Une rencontre récente avec une grande entreprise m’a montré que ce n’est pas toujours aussi simple. Voici donc un responsable de l’innovation au niveau groupe, qui est par ailleurs responsable d’une grande zone géographique et donc peu suspect d’ignorance des réalités opérationnelles et stratégiques de son groupe, qui présente son approche de l’innovation au comité de direction lors de sa nomination au poste. Or il se fait très rapidement recadrer par ledit comité. L’innovation, lui dit-on, c’est inventer les marchés de demain, travailler sur les ruptures, les fameux océans bleus. Il ne faut pas toucher aux business actuels. Au-delà d’une question de définition et de vision, sans doute faut-il y voir là une dimension politique. Tant que notre innovateur s’intéresse aux ruptures, il ne touche pas aux divisions existantes et ne menace donc personne. Ainsi, la crainte de le voir empiêter sur leur territoire pousse les dirigeants des unités d’affaire à le faire s’engager dans l’innovation de rupture, en contradiction directe avec la théorie.
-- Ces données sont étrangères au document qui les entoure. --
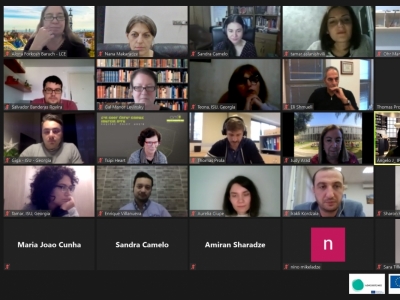 გადიდება სურათი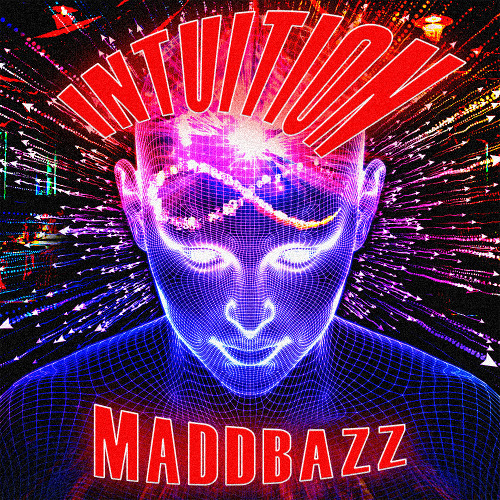 Intuition (FREE DOWNLOAD)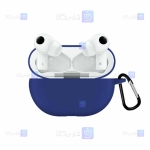 کاور سیلیکونی هندزفری هواوی FreeBuds Pro
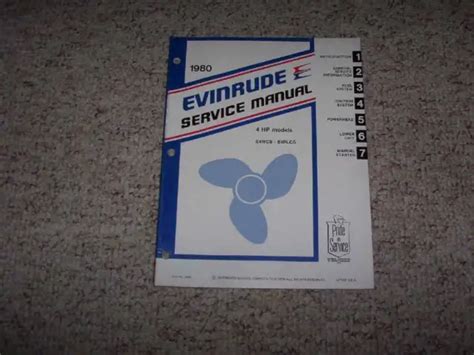 1980 evinrude 4hp outboard owners manual. - Textbook of dr vodder s manual lymph drainage volume 2 therapy.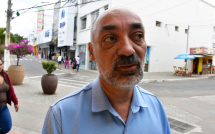 Mercado Imobiliário | especialista explica esvaziamento e descentralização do Comércio em Vitória da Conquista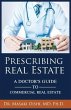 Prescribing Real Estate - Bild 1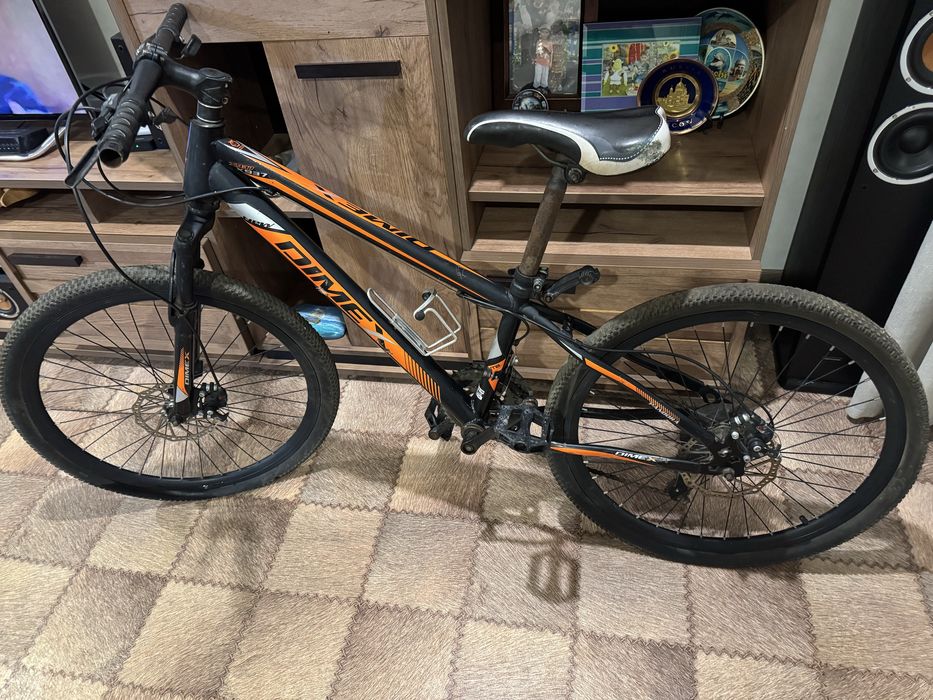 Велосипед , продажа велосипеда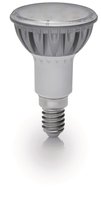 Trio LED-Leuchtmittel E14 5W 955-55 400lm 3000K n.dimmbar
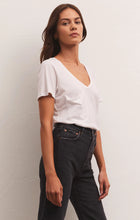 Load image into Gallery viewer, Z Supply- the Pocket Tee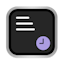 File Sentinel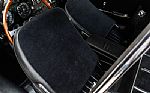 1966 E-Type Thumbnail 11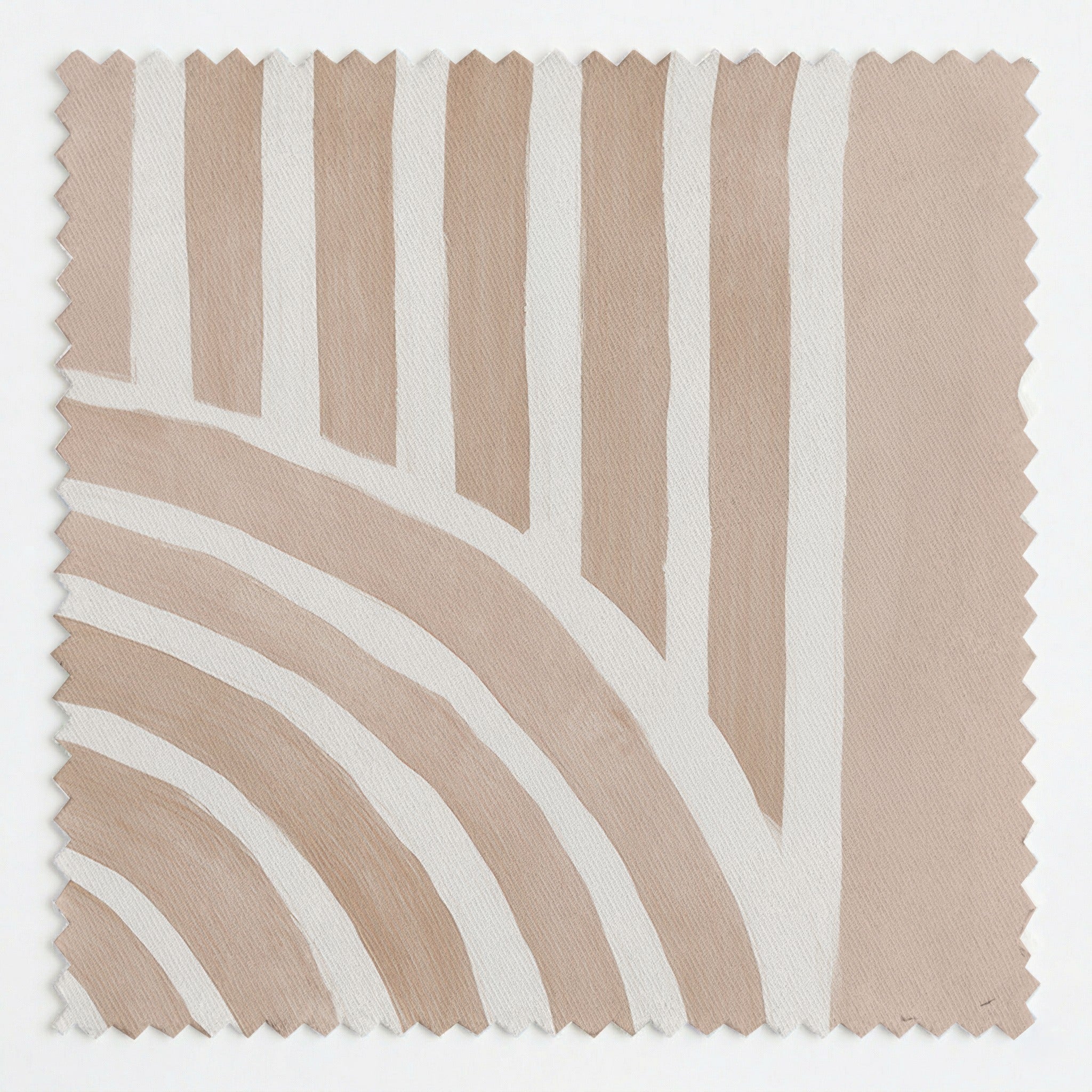 Dawn Fabric by the Yard
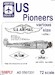 Fokker Universal US Pioneers Ad5507231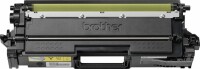 Brother Toner HY yellow TN-821XLY HL-L9430/9470CDN 9000 S., Kein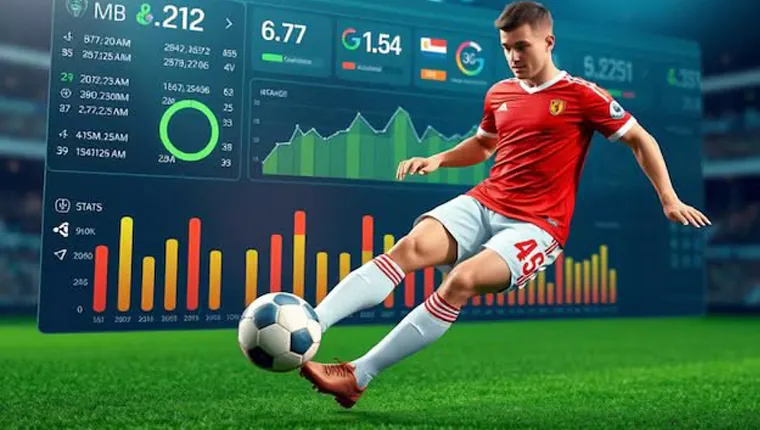 fb777 casino promotions and bonuses banner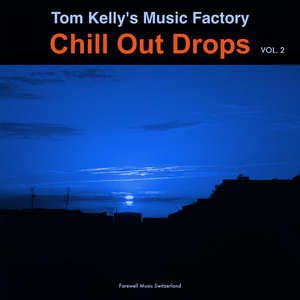 The Girl with the Golden Wavy Hair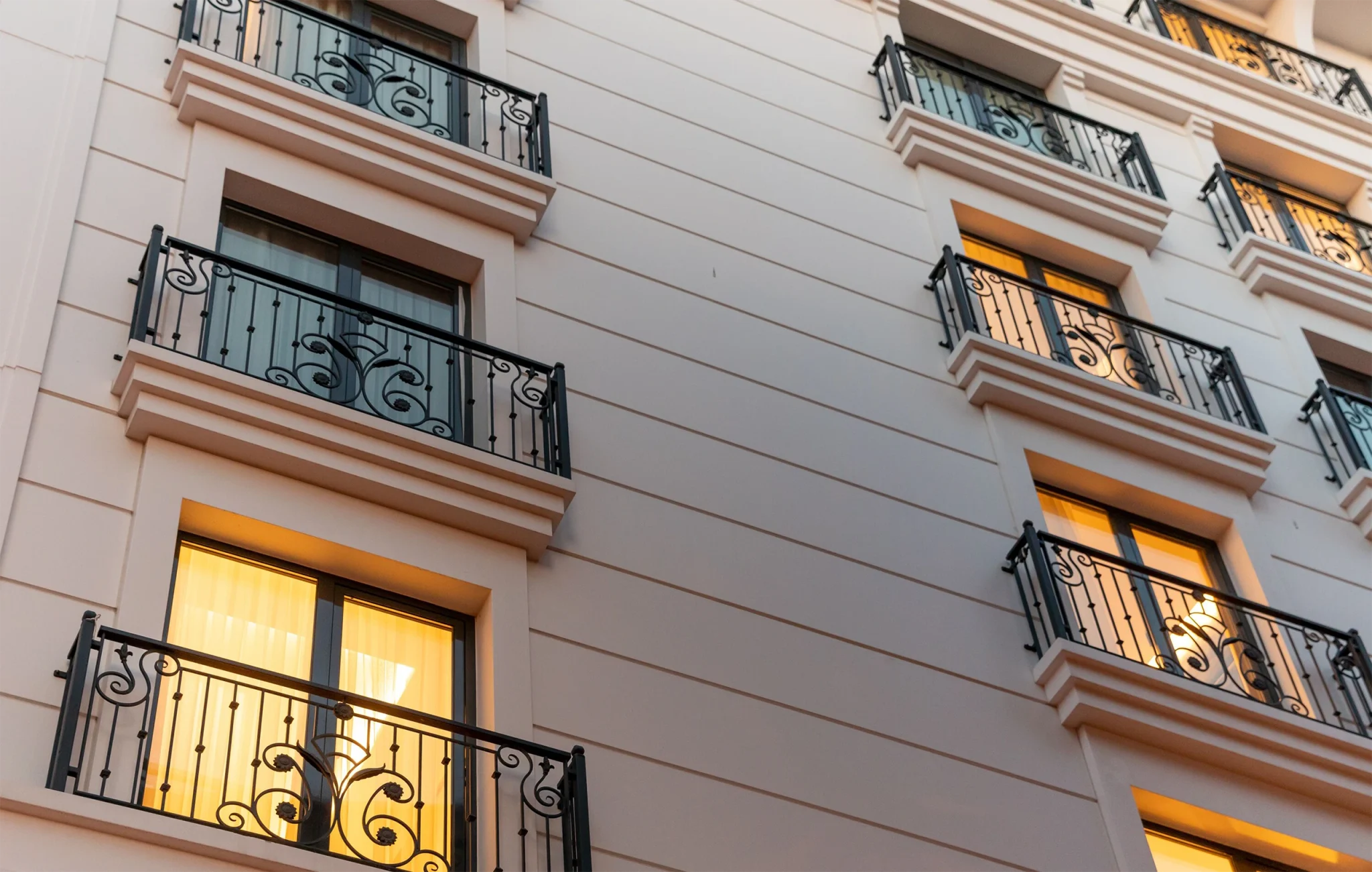 Gleam-Bomonti-Hotel-Istanbul-11-Alturk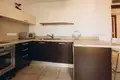 Wohnung 3 zimmer 224 m² Koinoteta Parekklesias, Zypern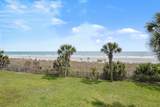 6900 Ocean Blvd. - Photo 29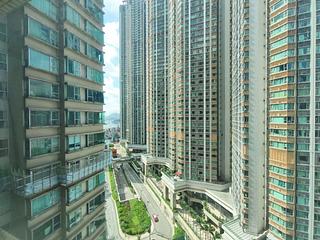 西九龙 - 漾日居 02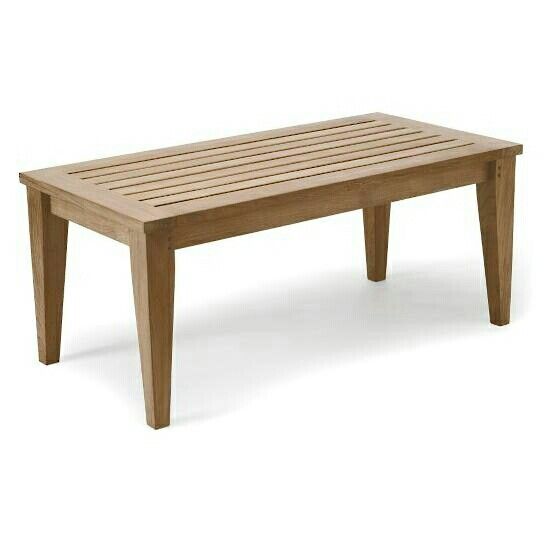 beste outdoor möbelbezüge furniture teakholz couchtisch tischdecken möbelbezüge möbeldekor außenmöbel outdoor couchtische beistelltische katze besten furniture bilder auf pinterest lagerhallen teak beste outdoor möbelbezüge furniture teakholz couchtisch tischdecken möbelbezüge möbeldekor außenmöbel outdoor couchtische beistelltische katze besten furniture bilder auf pinterest lagerhallen teak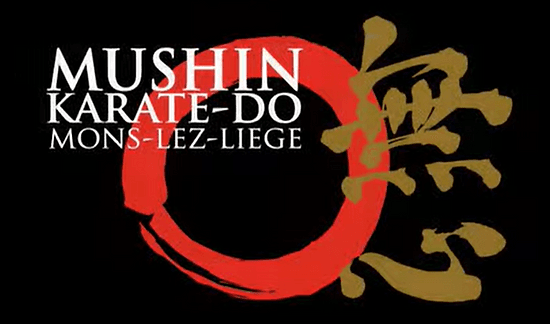 img-logo-mushin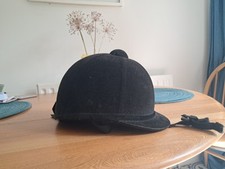 Charles owen junior for sale  LONDON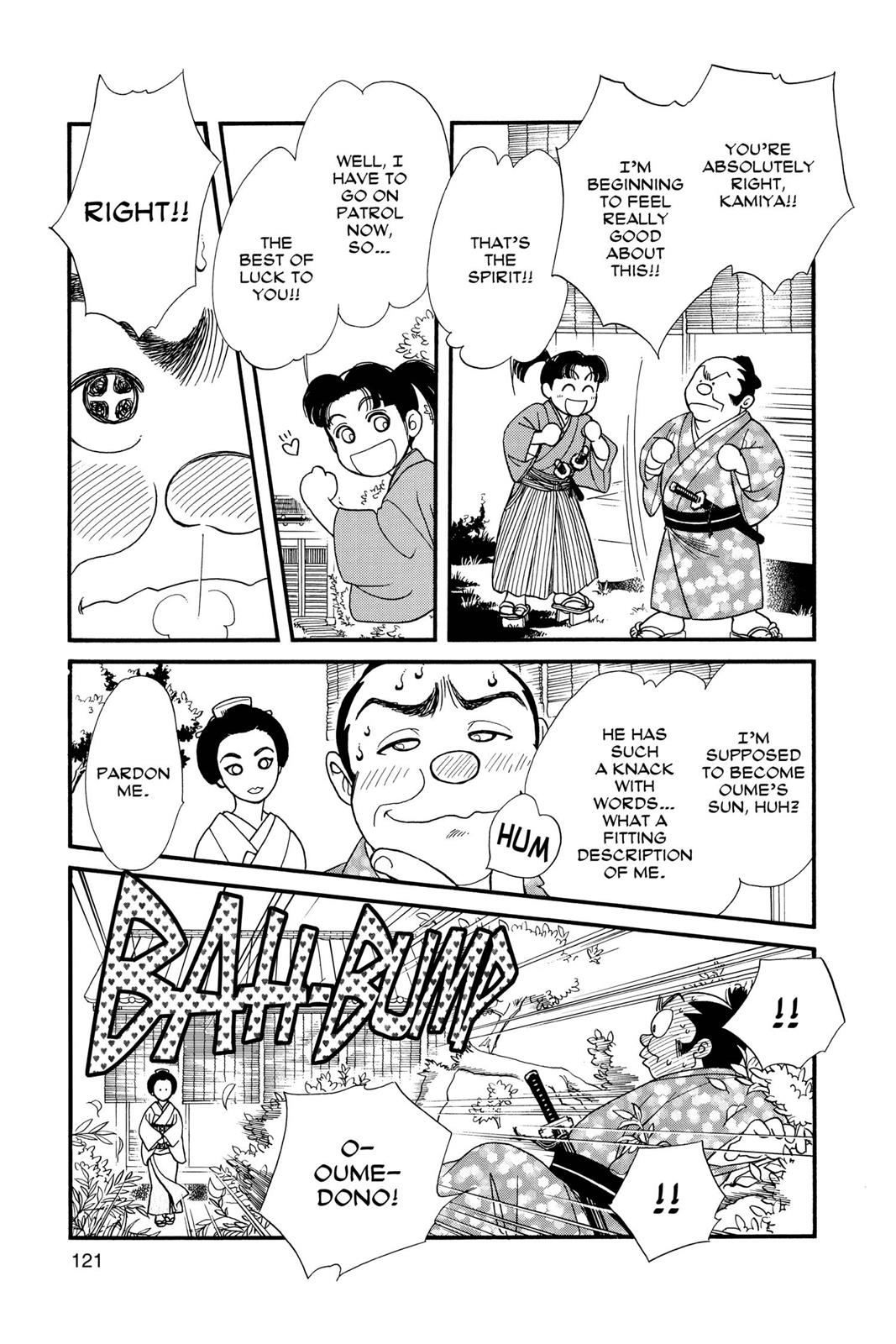Page 119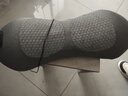 京冇腰枕床上腰靠枕腰間盤(pán)按摩腰墊睡覺(jué)腰椎枕成人腰部支撐加熱腰靠墊 曬單實(shí)拍圖
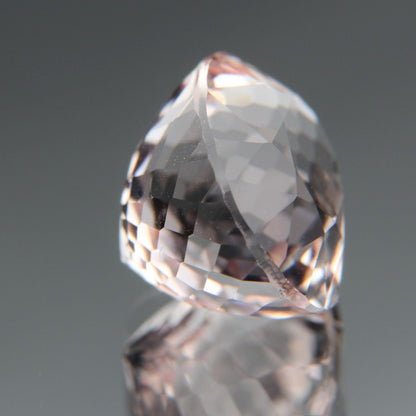Morganit 7.20 ct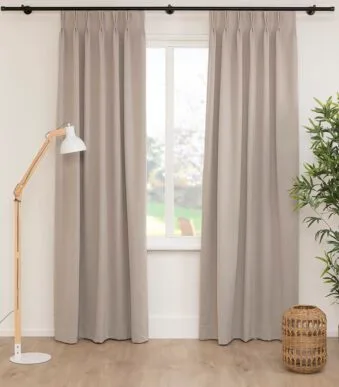 Arpi woontrend Barendrecht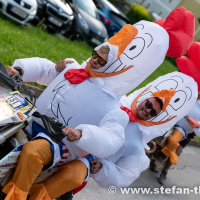 Erzbergrodeo 2022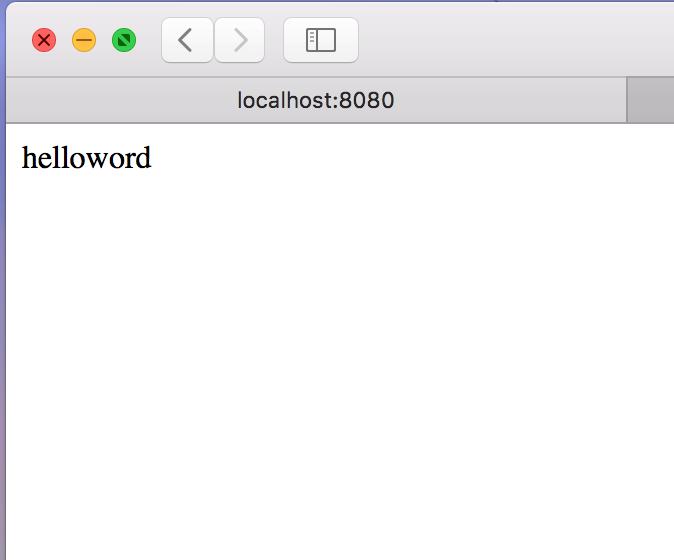 搭建网站费用,网站搭建费用要多少钱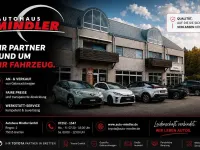 Gebraucht Toyota HiLux Comfort 150 PS (110 kW) 2018 Schwarz Pickup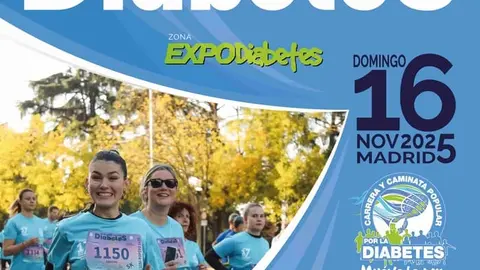 CORRE POR LA DIABETES 2025 (1)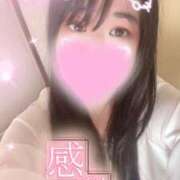 ヒメ日記 2026/04/23 15:18 投稿 ちあき サンキュー沼津店（サンキューグループ）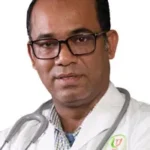 Dr. Didar Md. Ibrahim Bhuiyan, ENT (Ear, Nose, Throat) Specialist & Head Neck Surgeon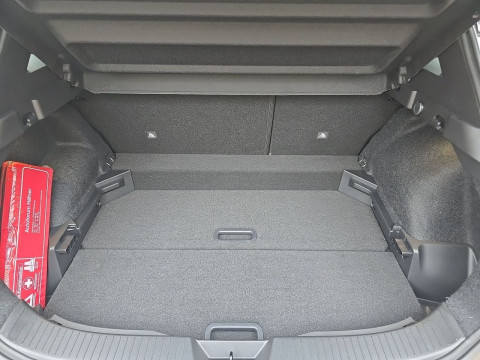 Ansicht 16 - Gebrauchtwagen Fahrzeug, Modell Qashqai der Marke Nissan von Verkäufer Autoforum Häfner GmbH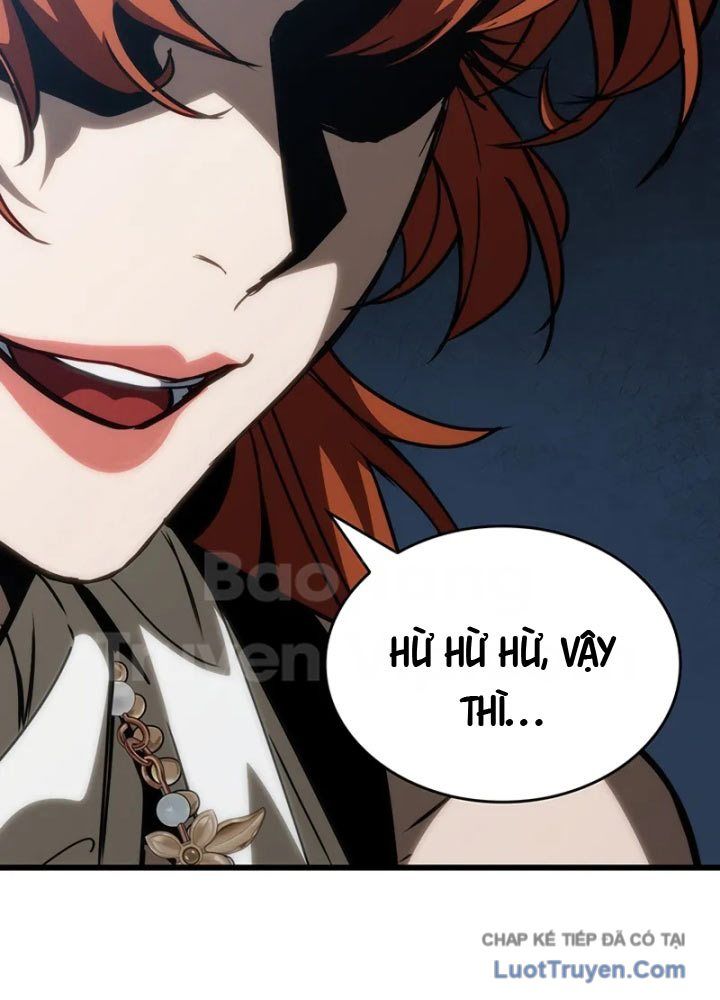 Sinh Tồn Với Tư Cách Là Một Huyết Vương Chapter 15 - Trang 2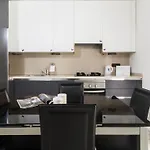 Italianway Easy - Marcantonio Dal Re 20 C * Milánó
Comment une telle difficulté peut-elle être contournée? Avant tout par la formation des hauts dirigeants aux concepts de l’innovation. Etre capable de définir une vision commune et un vocabulaire commun pour parler de la même chose est une étape indispensable pour démarrer une approche d’innovation. L’innovation, c’est à la fois rénover en permanence les produits et services existants ainsi que les modes de fonctionnement et d’organisation (innovation continue), et travailler sur les marchés de demain (innovation de rupture). L’un ne peut aller sans l’autre.
2 réflexions au sujet de « L’innovation incrémentale c’est difficile aussi »
Vous avez raison, les deux types d’innovation sont importants. Il est essentiel de faire de l’innovation de rupture pour réinventer les marchés de demain. Mais à quoi cela servirait-il si on ne sait pas exploiter les marchés d’aujourd’hui avec l’innovation incrémentale ? L’innovation de rupture, c’est faire germer la graine. L’innovation incrémentale, c’est la faire croître pour qu’elle devienne un arbre qui donne des fruits.
Merci Benoît. Effectivement cela ne veut pas dire qu’il ne faut jamais d’innovation de rupture.